In Europe, the shot was initially given the green light in December 2021. Altogether, only 219,395 doses have been administered of nearly 13 million distributed in EU/EEA countries, according to data from the European Centre for Disease Control up to Feb. 23.

The shot was also endorsed by UK regulators last year. The Department of Health and Social Care did not immediately respond to a Reuters query on how many doses have been deployed so far.

Novavax, like other COVID vaccine makers, is also gearing up for changes to the way the vaccines are rolled out, with global regulators expecting vaccination campaigns to be conducted once a year, similar to flu inoculations.

As of last close, Novavax’s U.S.-listed shares are down 97 per cent from their February 2021 record high of US$331.68

Tesla Inc. (TSLA-Q) was lower by 1.3 per cent ahead of its Investor Day event after the bell at which Chief Executive Elon Musk is expected to lay out a plan to make a smaller, more affordable electric vehicle in a move aimed at broadening his brand’s appeal and fending off competition.

Capturing the mass market is critical to Tesla’s goal of increasing deliveries 15-fold - to 20 million vehicles - by 2030. To do that, Tesla will have to improve its battery technology, which Mr.
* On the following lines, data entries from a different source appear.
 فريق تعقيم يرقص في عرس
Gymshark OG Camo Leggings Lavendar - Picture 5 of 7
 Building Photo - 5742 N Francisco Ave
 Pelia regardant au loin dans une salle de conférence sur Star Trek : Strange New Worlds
Musk has called the “fundamental limiting factor” for the transition to sustainable energy, making it a likely topic for Wednesday’s address.

Mr. Musk could also describe plans to update the company’s best-selling vehicles, after Reuters revealed its “Project Jupiter” plan to revamp its Model Y SUV. The Investor Day event will be webcast from Tesla’s Texas factory and is scheduled to start at 4 p.m. EST.
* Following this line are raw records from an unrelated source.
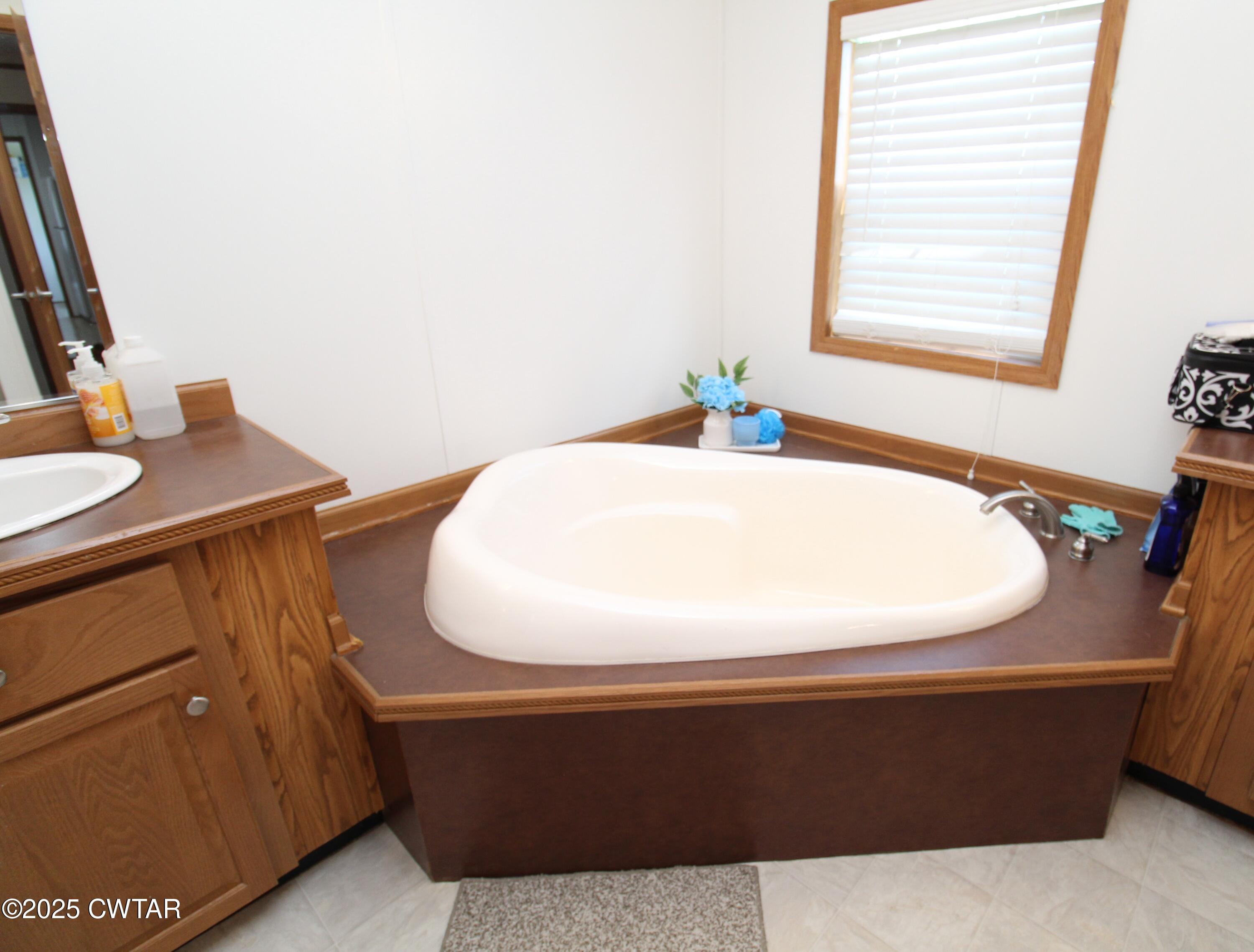 600 Cook Street Lexington, TN 38351 - Photo 14 of 22 IMG_6217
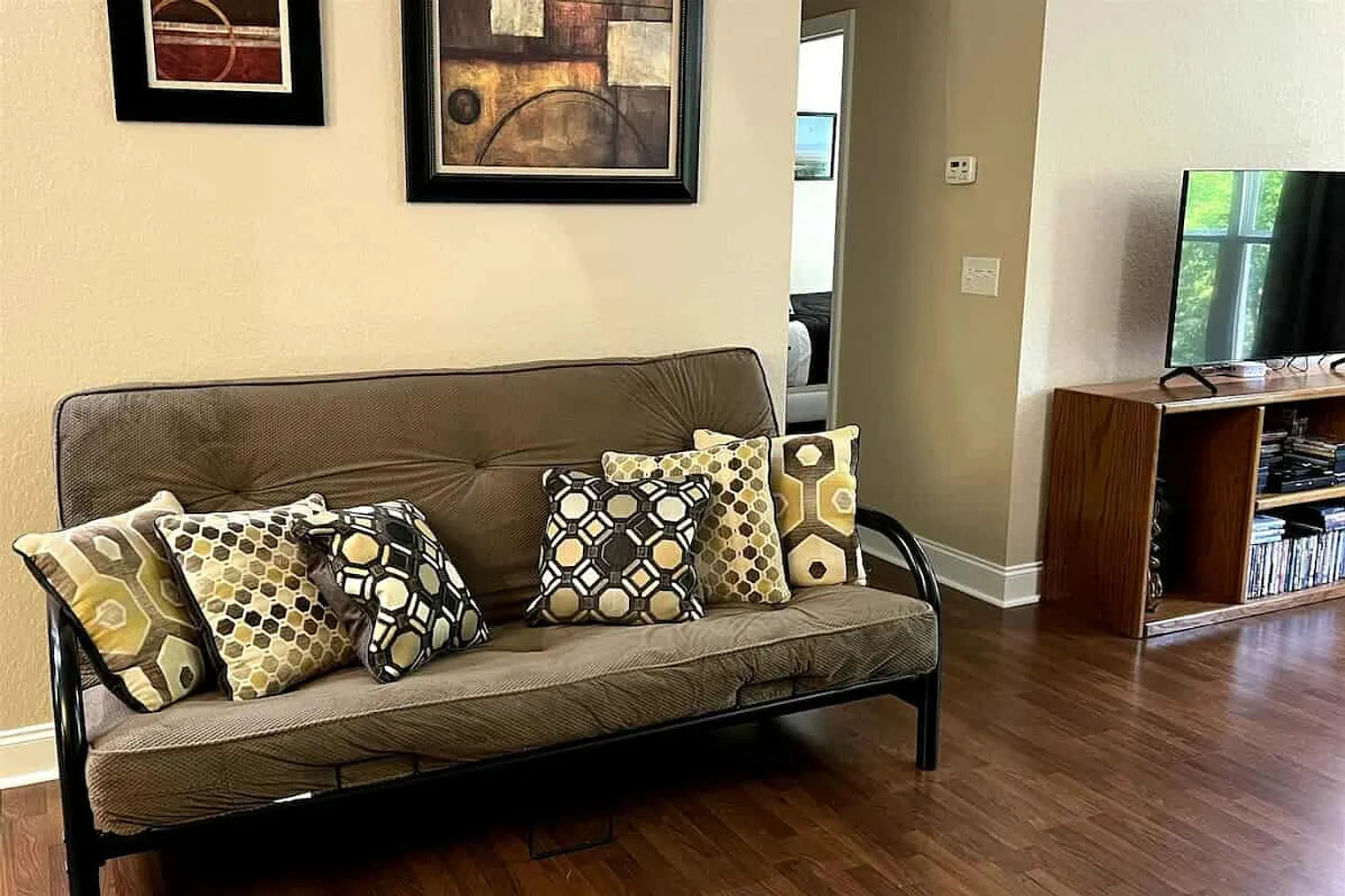 3 bed, 2.0 bath, 2195 sqft, $3,397 — Photo 3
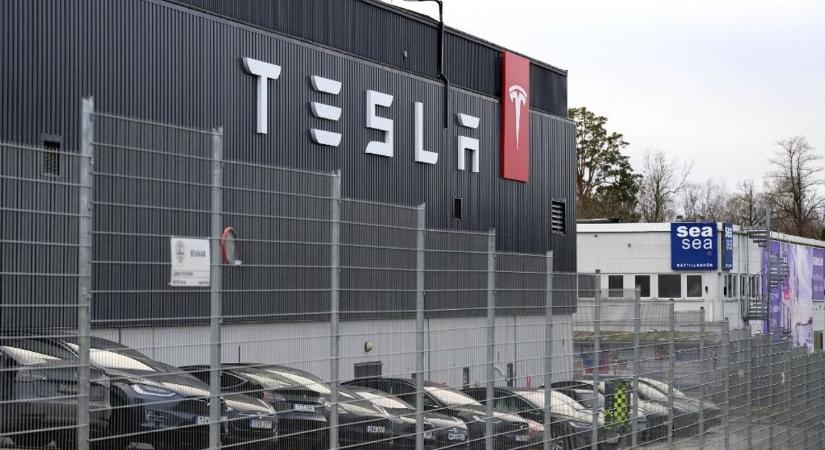 Hatalmas fordulat a villanyautók piacán: vesztett a Tesla, nyert a BYD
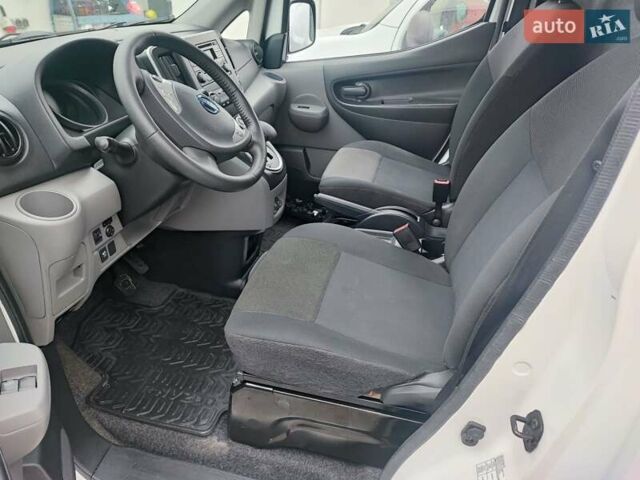 Белый Ниссан e-NV200, объемом двигателя 0 л и пробегом 80 тыс. км за 13500 $, фото 4 на Automoto.ua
Mr. Musk also is set to announce the company’s “Master Plan 3″ for a “sustainable energy future.” His previous two master plans - most recently in 2016 - laid out expansion of new models and battery storage.

Tesla has become the world’s most valuable car company by far, and the billionaire CEO has aspirations of cracking the mass market and turning the EV maker into a company that can create a more climate-friendly world.

AMC Entertainment Holdings Inc.’s (AMC-N) shares fell 8.3 per cent on Wednesday after the company’s results underscored fears that theater-going would not return to pre-pandemic levels anytime soon as rising cost-of-living bites.

The world’s largest cinema chain operator saw a 17-per-cent fall in footfall in its theaters in the fourth quarter, despite the release of big-ticket films such as Avatar: The Way of Water. Revenue fell 15.4 per cent in the quarter.

“This is AMC’s fourteenth consecutive quarterly loss and the market is punishing the shares for that fact,” Hargreaves Lansdown analyst Sophie Lund-Yates said.

While more people are returning to the theaters, Hollywood has been releasing fewer movies “of late,” AMC Chief Executive Adam Aron said at a post-earnings call on Tuesday.

“By no means are we out of the woods yet,” Aron said.

In the United States and Canada, box office collection was above US$11-billion in 2019, but since the COVID-19 pandemic, the numbers have fallen drastically, with 2022 box office numbers coming in at US$7.4-billion, the company said.

Wedbush Securities analysts expect 2023 box office to be down 24 per cent from 2019 levels. AMC, however, said it expects box office will not return to pre-pandemic norms before 2024 or 2025 at the earliest.